First, clone this repository to your local machine:

git clone https://github.com/speechLabBcCuny/EDANSA.git
cd EDANSA

Step 2: Install Dependencies

Choose one of the following methods (Conda is recommended).

This method uses the provided environment files, which specify dependencies primarily from the conda-forge channel and ensure correct PyTorch (CPU/GPU) and torchaudio (with FFmpeg) setup. We recommend using Mamba or Micromamba for faster environment creation.

  1. Choose your Conda-based Package Manager: We recommend using a Mamba-based package manager for significantly faster environment creation and dependency resolution compared to standard Conda.

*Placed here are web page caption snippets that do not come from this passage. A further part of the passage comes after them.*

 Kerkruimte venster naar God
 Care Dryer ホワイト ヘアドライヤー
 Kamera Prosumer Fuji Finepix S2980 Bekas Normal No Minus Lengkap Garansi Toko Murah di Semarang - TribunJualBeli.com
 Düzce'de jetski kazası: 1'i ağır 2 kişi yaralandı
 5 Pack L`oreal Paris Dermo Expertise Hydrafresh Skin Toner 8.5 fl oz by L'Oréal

    • Micromamba (Recommended): A fast, standalone Conda-compatible package manager. Follow the official Micromamba installation instructions. The subsequent commands in this guide will use micromamba.
    • Mamba (Alternative): If you have an existing Conda installation (Miniconda or Anaconda), you can install Mamba into your base environment:
      conda install mamba -n base -c conda-forge
      
      If you use Mamba, simply replace micromamba with mamba in the commands below (e.g., mamba create ...).
    • Conda: You can also use standard conda (e.g., conda env create ...), though it may be slower.
  2. Create Environment: Choose the environment file based on your system (GPU or CPU). You must specify a name for your new environment using the -n flag (or --name for Mamba/Conda).

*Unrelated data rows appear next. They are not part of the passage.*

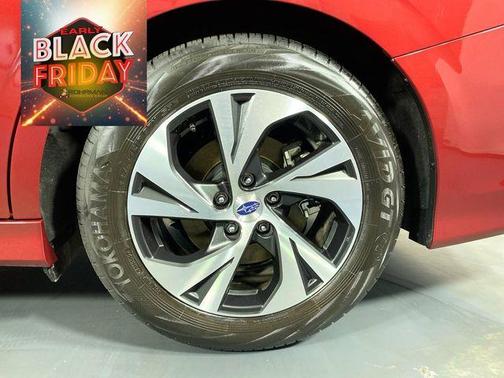 2025 Subaru Legacy Premium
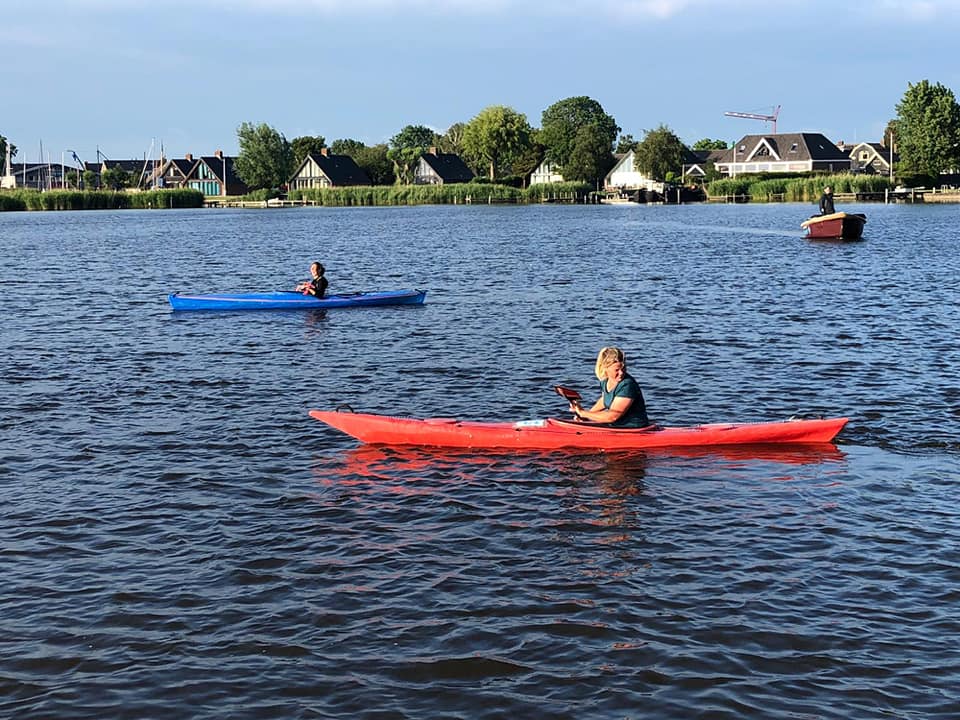 Wassersportbetrieb De Werff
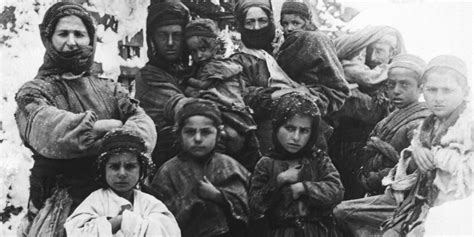 Armenian Genocide What You Need To Know About The Atrocities Wsj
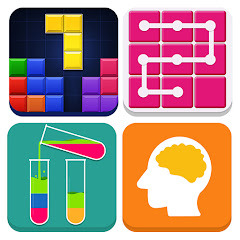 Brain war-puzzle game Mod APK'sı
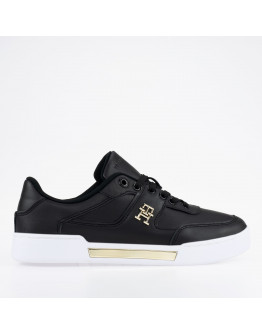Обувь Tommy Hilfiger Prep Court FW0FW06859-0GL - черные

    • For GPU-enabled systems (e.g., HPC nodes with NVIDIA GPUs): This environment uses pytorch-gpu and CUDA-enabled torchaudio. Ensure your NVIDIA drivers are installed and compatible.

      micromamba create -f environment_gpu.yml -n <your_env_name>
      

    • For CPU-only systems (e.g., local machines, CPU-only servers): This environment uses CPU-only pytorch and torchaudio.

      micromamba create -f environment_cpu.yml -n <your_env_name>
      

  3. Activate Environment: Activate the environment using the name you chose:

    micromamba activate <your_env_name>
    
    You need to activate this environment every time you want to run the EDANSA scripts.

Method 2: Using Pip

This method uses pip and specific requirements_*.txt files to install dependencies, including PyTorch and the EDANSA package.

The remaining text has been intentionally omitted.